Aim of the task
The data that follows must be transcribed in full and exactly, minus the pictures.

Task inputs

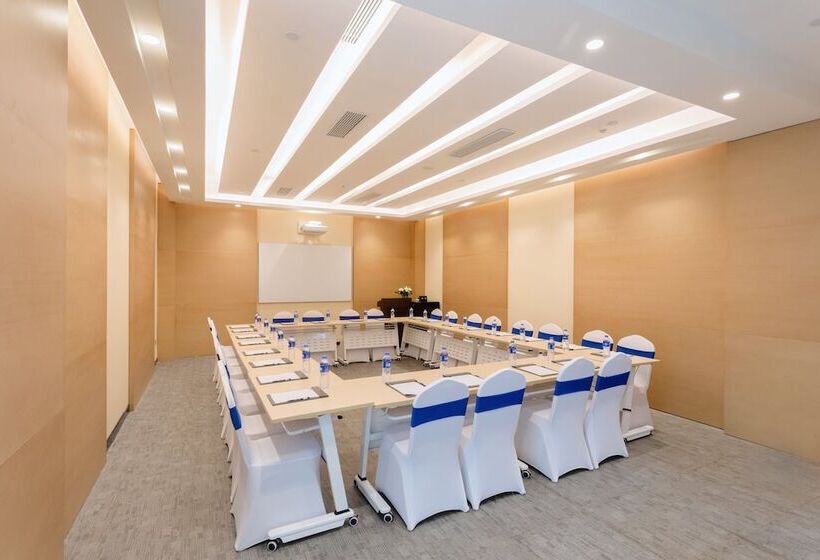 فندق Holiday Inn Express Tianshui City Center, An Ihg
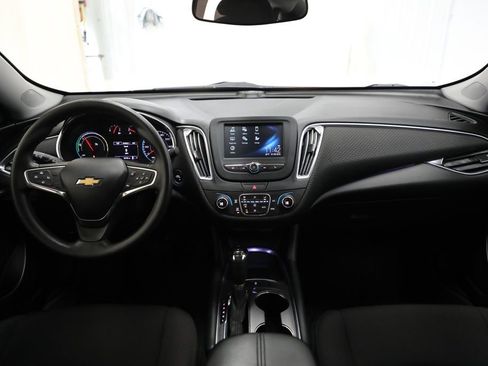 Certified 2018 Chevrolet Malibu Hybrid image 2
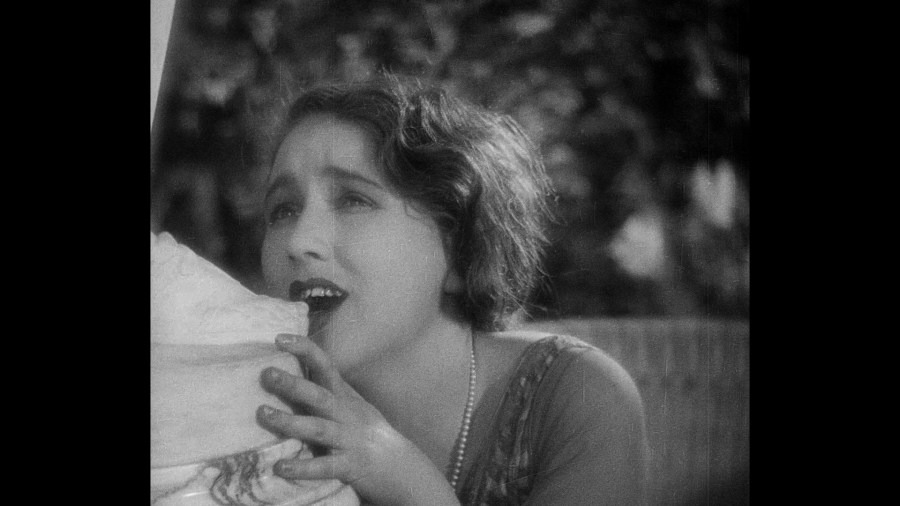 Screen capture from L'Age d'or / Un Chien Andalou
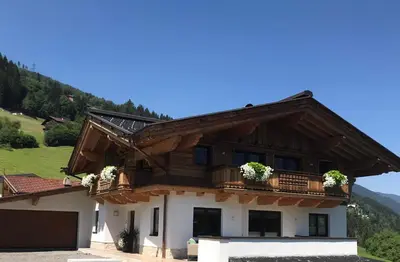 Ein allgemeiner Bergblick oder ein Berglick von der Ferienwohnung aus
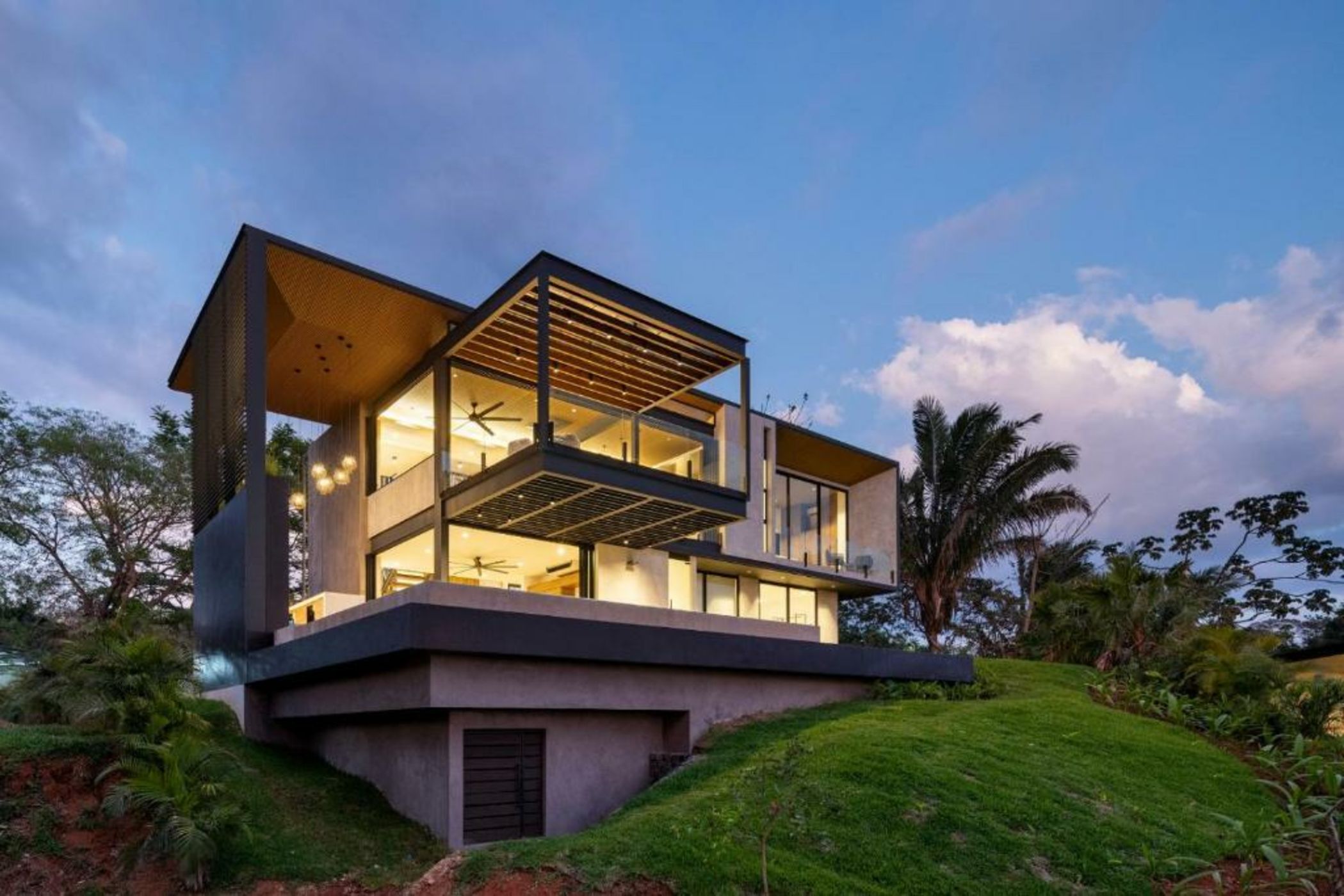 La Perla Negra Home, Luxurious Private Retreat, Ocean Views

Problem solution
 فندق Holiday Inn Express Tianshui City Center, An Ihg
 Certified 2018 Chevrolet Malibu Hybrid image 2
 Screen capture from L'Age d'or / Un Chien Andalou
 Ein allgemeiner Bergblick oder ein Berglick von der Ferienwohnung aus
 La Perla Negra Home, Luxurious Private Retreat, Ocean Views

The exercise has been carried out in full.